El misterio: Una atmósfera impecable
Vamos a ser justos y correctos: primero hablaremos de las generalidades. Este misterio tuvo todo lo que me gusta de una buena historia de detectives:
- El escenario: Un pueblito rural lleno de secretos.
- La estética: La iglesia y las constantes escenas en el cementerio le dan un aire gótico fascinante.
- El ritmo: Las pistas «obvias» no lo son tanto y la resolución es impecable.
- El Cast: Supremo, como dada película, aunuq em sorprende que repitiera
Al principio creí saber hacia dónde iba la trama, pero resultó ser un red herring (pista falsa) muy bien plantado. El caso de un clérigo de dudosa reputación, asesinado en lo que parece el clásico misterio de «habitación cerrada», es el desafío perfecto para el detective Benoit LeBlanc.
Zona de Spoilers: Referencias y teorías ⚠️
(Si no has visto la película, ¡detente aquí!)

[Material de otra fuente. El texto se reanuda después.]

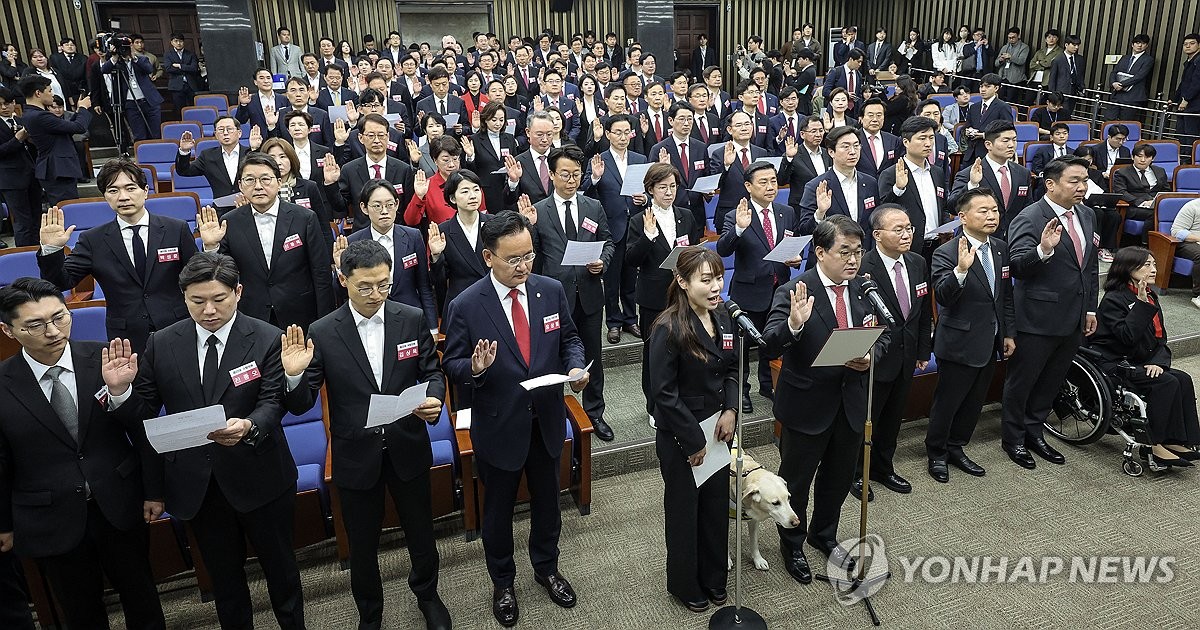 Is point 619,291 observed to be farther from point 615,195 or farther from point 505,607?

Lo que más disfruté de Wake Up Dead Man fue el juego de expectativas. Desde el inicio se nos advierte que la tumba se abre desde dentro. Aunque la escena de la manipulación del cadáver es hermosamente cómica (uno de mis tropos favorito)’, mi teoría era que el clérigo fingía su muerte para «resucitar» y salvar su carrera religiosa, idea que se reforzó al descubrir que el influencer político era su hijo.
Aunque noté el parecido con el jardinero, la suplantación de cadáver fue un giro que no vi venir.
Un festín para los amantes de la literatura
Como lector de misterio, se agradecen las referencias literarias. De la lista de libros que presentan, ¡solo me falta uno por leer! Un detalle que me voló la cabeza fue el guiño a The Hollow Man (o Los tres ataúdes) de John Dickson Carr. Lo leí a los 9 años y, aunque en ese entonces me superaba, recordarlo ahora hizo que la experiencia fuera mucho más gratificante.
También hay un pequeño guiño a una de las obras maestras de Agatha Christie. No diré cuál para no arruinar el desenlace, pero «los que saben, saben», y fue un detalle precioso.
Veredicto final
El elenco cumple a la perfección, el guion es inmejorable y la fotografía es simplemente espectacular. Además, me declaro fan del tropo de «las señoras que guardan secretos hasta casi la tumba». Mientras más turbios y pecaminosos sean esos secretos, mejor funciona la historia.